Another realistic element of Freaks and Geeks is that the kids actually sound like real kids.

That’s another thing that drives me crazy. I hate it when kids talk like adults; it drives me insane. I find that kids who actually talk like real kids are much funnier. The idea of even trying to jam adult thoughts and jokes into their mouths is just ridiculous.

This especially holds true with jokes. How many 15-year-olds are capable of coming up with jokes as sharp and as funny as those of a professional comedy writer?

Absolutely. There aren’t too many kids who can come up with a hilarious joke. The characters in Freaks and Geeks often make unfunny jokes that could have been easily fixed by the writers. But that, to me, is much more amusing. The Sam character is very much based on who I was as a kid and as a comedy fan.
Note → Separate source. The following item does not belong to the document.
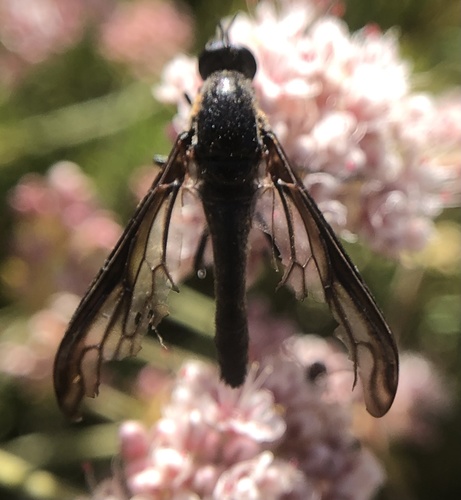 iNaturalist observation photo of Thevenetimyia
I did so many unsuccessful comedy routines for friends when I was young. I used to dress like Groucho, and all that.

When you’re a kid, your only refuge is through the comedy of successful people. All you do is quote lines from funny Hollywood movies.
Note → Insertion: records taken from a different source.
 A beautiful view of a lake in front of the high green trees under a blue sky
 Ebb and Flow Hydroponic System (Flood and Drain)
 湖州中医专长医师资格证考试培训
What did Hollywood represent for you as a kid growing up outside Detroit?

It was like a magical fairyland for me. I thought every actor I saw on TV lived in a mansion and drove a Rolls-Royce. They were all rich and wore tuxedos all the time. When I first saw the reality of it, it just depressed the hell out of me. I first came out here in the early eighties. I drove onto Hollywood Boulevard, and the first thing that happened was that two hookers jumped onto the hood of my car. And I’ve never forgotten the shock that I felt with that.

Are you still friends with them?

I am, actually. They’re coming over for dinner tonight.
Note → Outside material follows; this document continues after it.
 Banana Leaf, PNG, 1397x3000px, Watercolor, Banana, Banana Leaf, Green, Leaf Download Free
What were some of the jobs you worked when you first arrived in Hollywood?

I worked as a tour guide at Universal Studios. Many of us guides were these deluded actor wannabes who thought that we were going to be discovered. It was ridiculous.

I almost died because of that job. I was giving a tour, and a woman was dangling one of her clogs over the side of the tram, and the clog fell out just as we were passing the mechanized shark from Jaws. When I went to retrieve her shoe, I fell into the water and almost got sucked into the shark gears. I thought, I am going to die in front of this tour group—killed by a fake shark.

Probably not the most ideal way to leave this earth.

No, not at all. But it would have made for a hell of a story back in Detroit. Anyway, after that job, I went to USC film school, and when I graduated, I worked as a script reader for the producer Michael Phillips. He had produced The Sting and Taxi Driver. I was in charge of reading the scripts that were submitted to his office and passing along the ones I thought were good.

Actually, that experience was much more valuable than film school.

How so?

Film school was so theoretical, and there were so many rules that really fucked me up. There was one rule in particular they were always teaching, and it was right out of good old Syd Field’s book Screenplay. And it had to do with “theme.” The theme of the movie is always this leads to that. “Jealousy” leads to “downfall.” One thing leads to another, which leads to another, which leads to the end. Everything is set up in a logical, well-thought-out manner.

But I couldn’t do that; I was just unable to break down a movie that way. It messed me up for years. I couldn’t even get out of the gate, because I couldn’t make anything work. I would get hung up on semantics and minutiae. And because I’m such a rule-follower, when I first started out this killed me, because it was so theoretical.

Another thing I learned as a script reader was that 99.9 percent of the scripts that are written are basically terrible. This just blew my mind. It actually gave me a lot of confidence. I was reading scripts supposedly written by the best writers in the business, people who made a career of screenwriting, and I thought, If these are the best writers in the business, and they’re producing this shit, then I can do just as well—and hopefully better. It gave me the confidence to say, okay, this is not a mysterious kind of skill.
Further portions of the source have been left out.